Food: We are budgeting in accordance with our pledge to spend 80% of our food budget at local community establishments, African American food producers and restaurants, farm to table restaurants and with community farmer's markets. We not only want to eat and report about the best of the South's African/African American culinary legacy and the people and places that are making that mark, but we want to put our money where our mouths are and support local economies. We are also cooking the entire way and purchasing traditional, local ingredients that will bring to life heirloom recipes from the past. We will need about $2,600 for our food and cooking supply costs.
Accommodations: We LOVE couches and are seeking those out, but we also have to be prepared to seek budget accommodations so that we and our equipment are safe at night. We are budgeting about $2,500 for places to stay.
DNA and Genealogical Research: We're looking for our African, European and Native American roots, and using that information to deduce what we will cook. We will also need to conduct genealogical research to determine as precisely as possible the history of the 18 distinct families and their past in slavery. DNA testing and genealogical research will conservatively require about $1,000.
Equipment and media supplies: We need microphones, memory cards, etc. and technical upgrades to our blog to bring you the best possible content to document our journey. We will need $500 for equipment.
Oh shucks!: We need make sure we have a small cushion of funds to make sure that we can take care of any unforeseen issues along the way. We will need $500 just in case-- for any issues that may come our way.

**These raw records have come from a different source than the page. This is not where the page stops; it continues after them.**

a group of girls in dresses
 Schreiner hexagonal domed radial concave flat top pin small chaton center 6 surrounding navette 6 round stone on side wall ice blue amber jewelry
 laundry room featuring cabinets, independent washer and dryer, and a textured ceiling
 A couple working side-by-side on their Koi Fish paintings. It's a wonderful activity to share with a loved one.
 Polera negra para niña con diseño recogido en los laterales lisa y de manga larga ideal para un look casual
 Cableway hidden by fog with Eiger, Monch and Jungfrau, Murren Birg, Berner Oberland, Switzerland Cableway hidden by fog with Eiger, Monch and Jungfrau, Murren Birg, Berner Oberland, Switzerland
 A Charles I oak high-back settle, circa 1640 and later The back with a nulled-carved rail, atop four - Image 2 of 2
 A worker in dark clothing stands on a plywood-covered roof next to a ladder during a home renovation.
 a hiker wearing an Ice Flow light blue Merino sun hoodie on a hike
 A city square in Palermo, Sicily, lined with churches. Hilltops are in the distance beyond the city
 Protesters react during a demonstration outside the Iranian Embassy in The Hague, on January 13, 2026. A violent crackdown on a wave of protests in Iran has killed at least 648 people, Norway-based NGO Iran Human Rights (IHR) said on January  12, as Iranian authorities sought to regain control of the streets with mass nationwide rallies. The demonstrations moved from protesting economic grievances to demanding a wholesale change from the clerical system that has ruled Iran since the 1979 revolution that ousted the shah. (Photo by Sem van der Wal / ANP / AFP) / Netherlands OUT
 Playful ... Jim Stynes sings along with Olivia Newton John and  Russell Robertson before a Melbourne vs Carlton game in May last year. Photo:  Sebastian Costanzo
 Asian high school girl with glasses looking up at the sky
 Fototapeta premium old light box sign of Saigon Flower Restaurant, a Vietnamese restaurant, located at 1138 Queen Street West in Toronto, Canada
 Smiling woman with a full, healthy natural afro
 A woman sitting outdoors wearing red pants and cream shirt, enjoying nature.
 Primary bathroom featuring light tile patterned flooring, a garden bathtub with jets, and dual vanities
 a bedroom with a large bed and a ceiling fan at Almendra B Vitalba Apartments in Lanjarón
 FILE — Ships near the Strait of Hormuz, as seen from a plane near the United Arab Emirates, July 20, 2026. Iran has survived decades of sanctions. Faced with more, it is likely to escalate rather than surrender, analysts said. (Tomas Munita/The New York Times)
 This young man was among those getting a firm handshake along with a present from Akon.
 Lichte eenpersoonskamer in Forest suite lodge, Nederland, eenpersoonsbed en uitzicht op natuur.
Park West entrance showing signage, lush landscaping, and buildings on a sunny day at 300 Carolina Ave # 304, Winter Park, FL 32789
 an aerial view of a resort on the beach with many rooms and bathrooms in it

In reality we need at least $10,000 to cover our basic expenses and costs. However, we’ve put our official target lower ($8000) because every cent is a blessing. And if we get more than our total desired amount it will help towards our other costs, like communications and equipment, and help us make this project a real success for everyone. Additional funding will also be used to enhance our commitment to public programs and community food events that focus on our tradition. From demonstrations of open hearth cooking to heirloom gardening parties to community dinners to talks on food justice and contextualized genealogy—we have a lot to offer you and the communities we visit.
What’s in it for you?
1. The opportunity to bring dignity and honor to the millions of enslaved people who once worked in the farms and cities of the colonial and antebellum South, and who often helped create its greatest food. You can say you honored them by helping to tell their story. Furthermore we want you to help us document what the last grandchildren of the enslaved have to say so we can pass that legacy on to today's youth. No other project to date has sought to honor the totality of enslaved Americans and we want to put up a memorial page of the names of your ancestors that were born in slavery.
2. We want to educate and entertain you---I’m not just cooking for you, I’m working in a cotton field, worming tobacco, and harvesting rice. I want your children to know what it was like—in living color. We want you to hear amazing family stories and the stories of the people we meet on the way. And we want to share with you heirloom recipes that you can prepare at home with your family and friends.
3. We’re hoping that the Southern Discomfort Tour will put unknown food people, communities that care about food justice and places of cultural memory on the map—as well as families looking for their roots--so your support—by watching, commenting and creating dialogue---means this project will take on a self-sustaining life of its own.